**THE PROBLEM:**
Within the records that follow, restate exactly the lines from the line with "Con presencia del" down to the line with "1086 66Th St, Oakland, CA 94608", including both. Omit the pictures.

**RECORDS:**
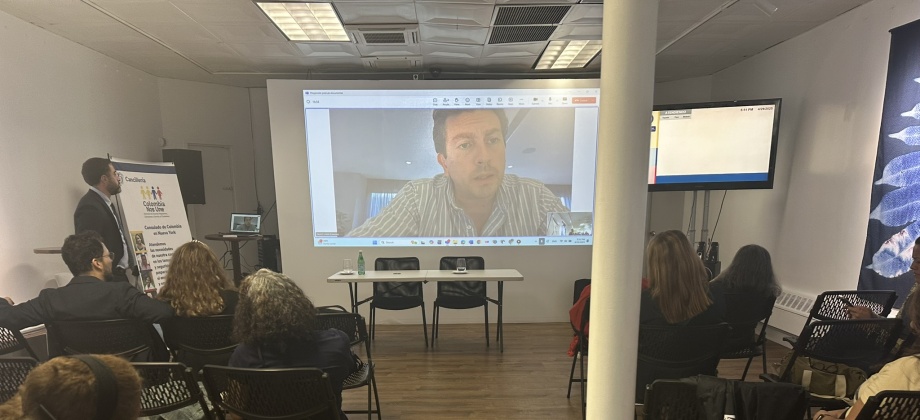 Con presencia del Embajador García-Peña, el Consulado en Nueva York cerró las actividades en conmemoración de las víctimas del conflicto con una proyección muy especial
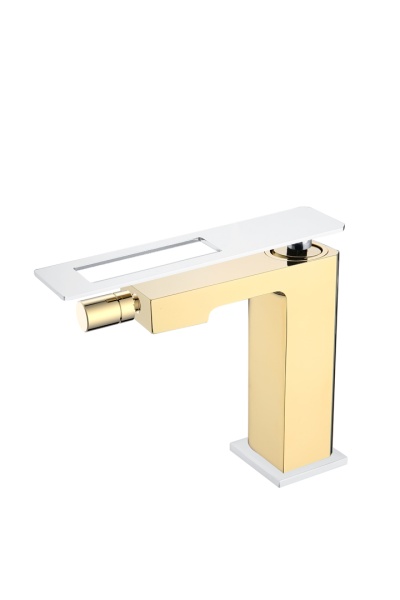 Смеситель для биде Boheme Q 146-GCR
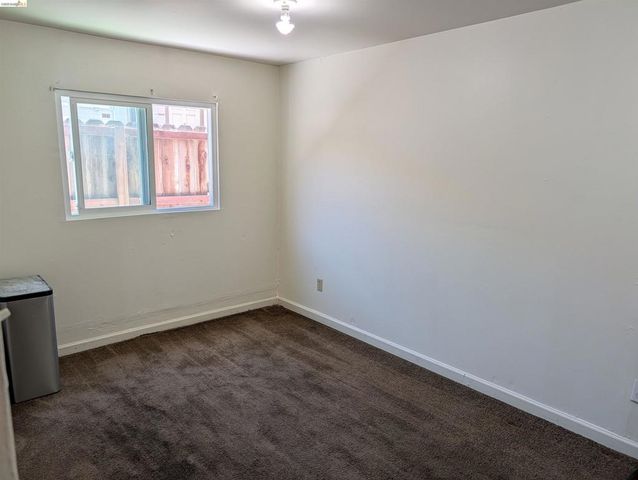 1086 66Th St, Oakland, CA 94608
--
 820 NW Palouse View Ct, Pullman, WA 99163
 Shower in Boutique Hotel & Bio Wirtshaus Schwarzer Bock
--
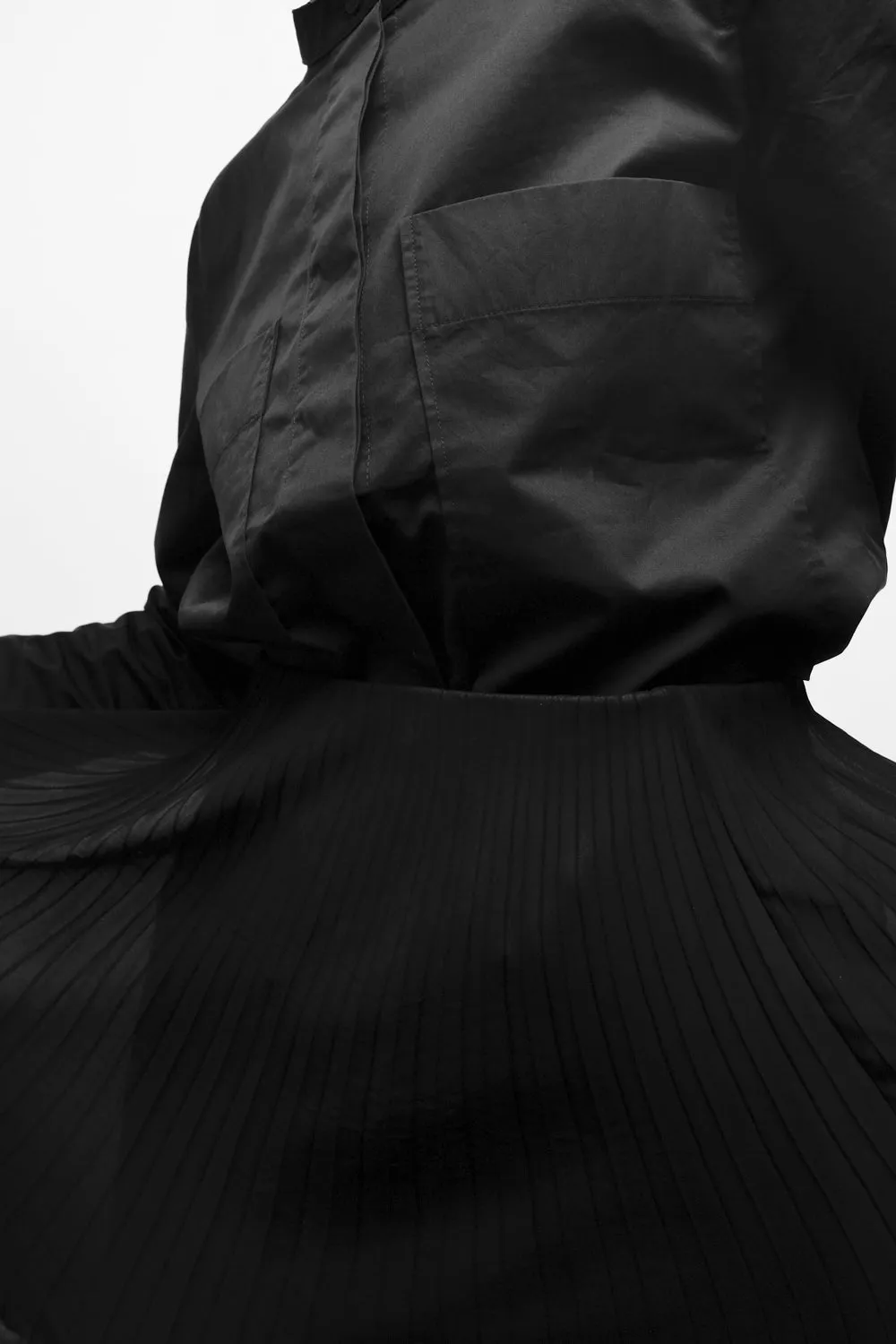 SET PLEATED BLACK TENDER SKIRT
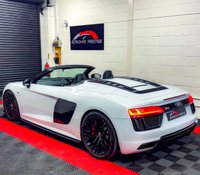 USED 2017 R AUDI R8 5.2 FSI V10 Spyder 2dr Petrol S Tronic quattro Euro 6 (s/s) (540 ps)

**TASK SOLUTION:**
 Con presencia del Embajador García-Peña, el Consulado en Nueva York cerró las actividades en conmemoración de las víctimas del conflicto con una proyección muy especial
 Смеситель для биде Boheme Q 146-GCR
 1086 66Th St, Oakland, CA 94608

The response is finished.